=== Begin Enclosure ===
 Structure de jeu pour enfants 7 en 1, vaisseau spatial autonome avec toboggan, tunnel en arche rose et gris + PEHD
=== End Enclosure ===
=== Begin Enclosure ===
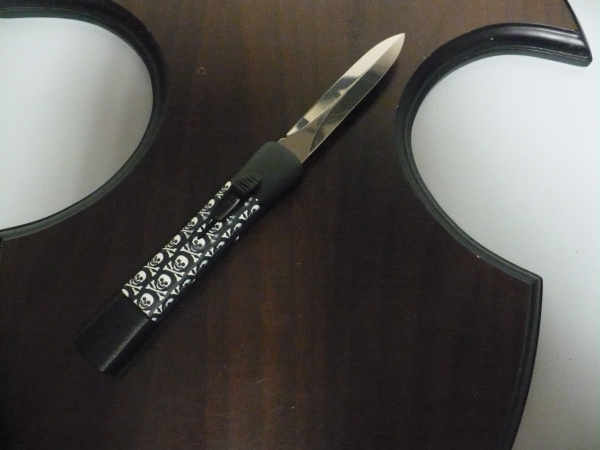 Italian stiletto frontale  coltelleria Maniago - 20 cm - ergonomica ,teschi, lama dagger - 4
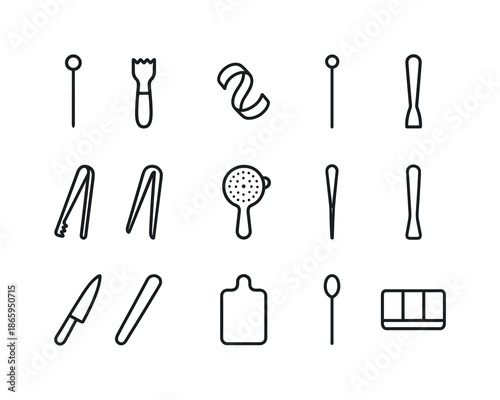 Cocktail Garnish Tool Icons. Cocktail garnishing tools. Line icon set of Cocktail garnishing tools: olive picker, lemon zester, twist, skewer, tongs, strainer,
=== End Enclosure ===
=== Begin Enclosure ===
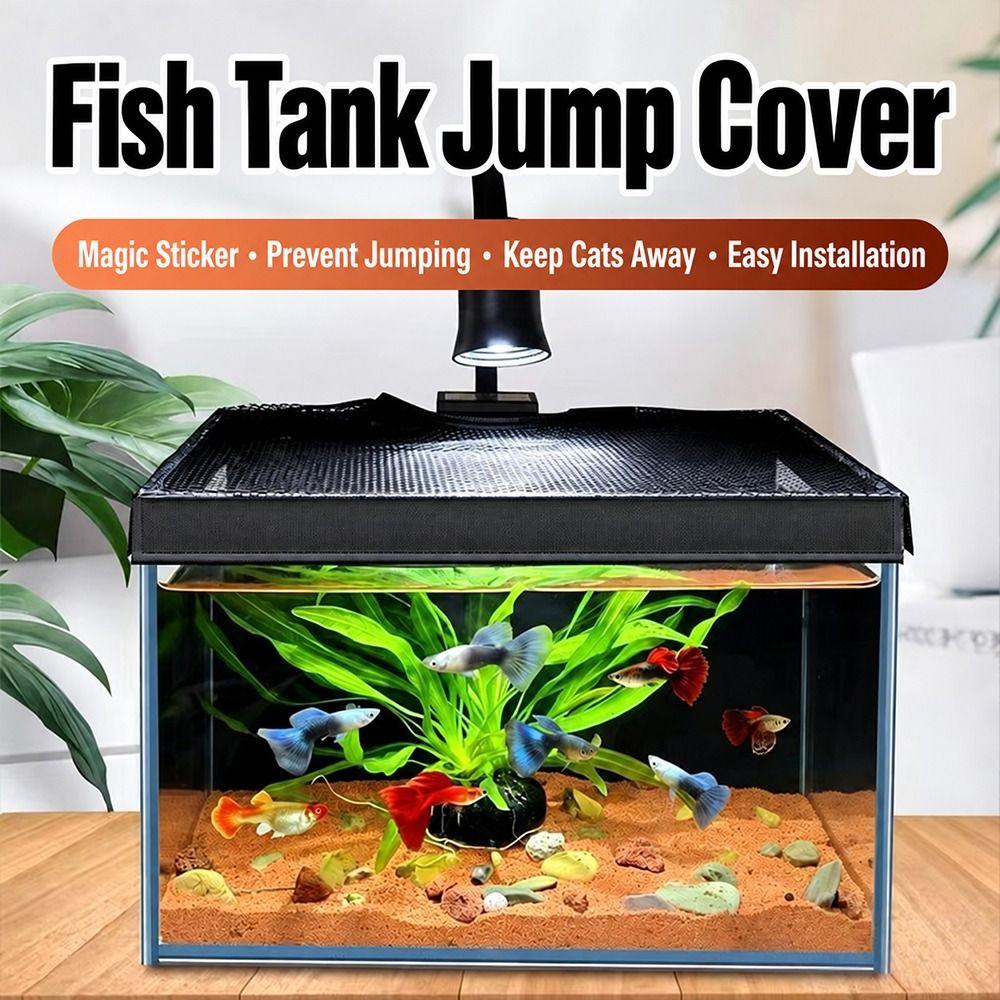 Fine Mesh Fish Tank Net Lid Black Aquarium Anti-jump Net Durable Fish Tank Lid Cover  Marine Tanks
=== End Enclosure ===
Work to be completed.
In the data above, find the line with "Italian stiletto frontale" and the line with "Cocktail Garnish Tool". Please copy exactly those two lines and every line between them, but not the pictures.

Answer to the exercise.
 Italian stiletto frontale  coltelleria Maniago - 20 cm - ergonomica ,teschi, lama dagger - 4
 Cocktail Garnish Tool Icons. Cocktail garnishing tools. Line icon set of Cocktail garnishing tools: olive picker, lemon zester, twist, skewer, tongs, strainer,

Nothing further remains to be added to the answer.